Immanuel Kant proposes something similar in his moral theory. One formulation of his "categorical imperative" is "Act in such a way that you treat humanity, whether in your own person or in the person of another, always at the same time as an end and never simply as a means" (Grounding for the Metaphysics of Morals, 429, trans. James W. Ellington, Hackett Publishing Company,  1981).
For Kant, understanding people as "ends" is the same as understanding them as "rational agents." By this, he means that people set their own goals, and thus are sources of new activity in the world. Kant then connects human rationality to the concept of "goodness" in the following way. Ultimately, the "true function" of our rational nature "must be to produce a will which is not merely good as a means to some further end, but is good in itself" (396). He makes this comment on the heels of just having argued that rationality is not for the purpose of survival alone--instinct can and does aid in the survival of many other living organisms. Nor is the purpose of rationality to ensure happiness--it doesn't do a very good job at that!
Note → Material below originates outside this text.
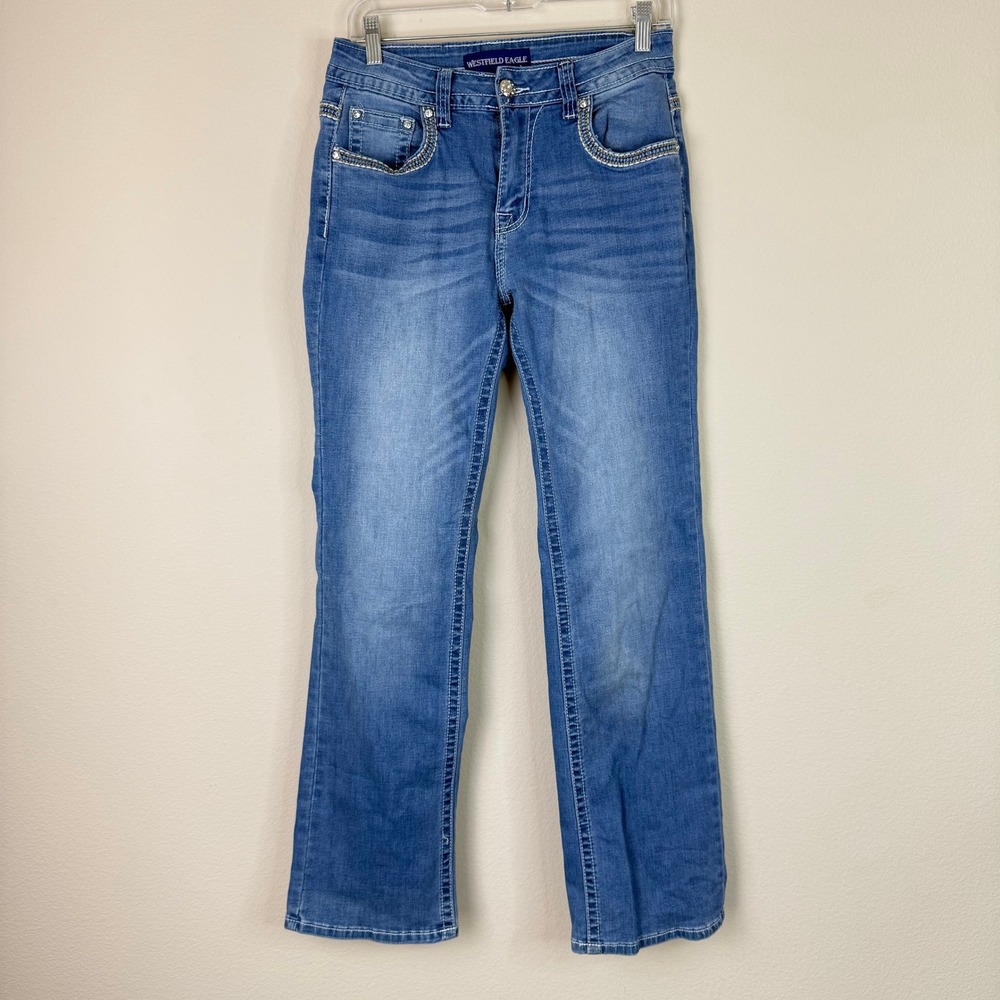 Westfield Eagle Jeans Womens 9 Blue Bootcut Embellished Rhinestone Cross Bling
We cannot really plan for our own happiness (even if we do all desire it). So there is some other purpose for our having rationality: producing a will that is good in itself (that wills good for the sake of goodness alone).
When our will is thus purified, the goals that we set and the activity that results from our trying to fulfill these goals brings new goodness into the world. By treating people "as ends," we respect them as potential sources of new goodness for the world. And by "responding to that of God within everyone," we try, in our relations with others, to encourage them to bring that potential goodness forth.
The early Quakers believed that humans can reach a kind of perfection in life, and they too connected this notion with a kind of purification of will (see for example Barclay's Proposition VIII, in his Apology [1675/1678]). Barclay believed that it is an insult to God to think that God created us so badly that a kind of human perfection is impossible. He also worries that a doctrine that human perfectibility is impossible can make us all too willing to accept our shortcomings.
"What is the purpose of such a strange doctrine? The imperfection of Christians comes either from God or from themselves. If it is of their own doing, it must be because they fall short of using the power of obedience that was given them. In that case, they were capable of achieving God's will with his aid. But our opponents deny this, so they are not to be blamed for continuing in sin since they are incapable of doing otherwise" (Barclay's Apology in Modern English, edited by Dean Freiday, p. 158).
Barclay does not believe that reaching a kind of perfection makes us invulnerable to future sin or error. "If [those who have attained a measure of perfection] are not watchful they may fall into iniquity and lose it. Many good and holy men have had their ups and downs of this kind" but sin "does not destroy him altogether or make it impossible to rise again" (156). He goes on to argue that, "nevertheless a state can be attained in this life in which it becomes so natural to act righteously that a condition of stability is achieved in which sin is impossible" (157).
Do Quakers today still believe that this kind of perfectibility is possible?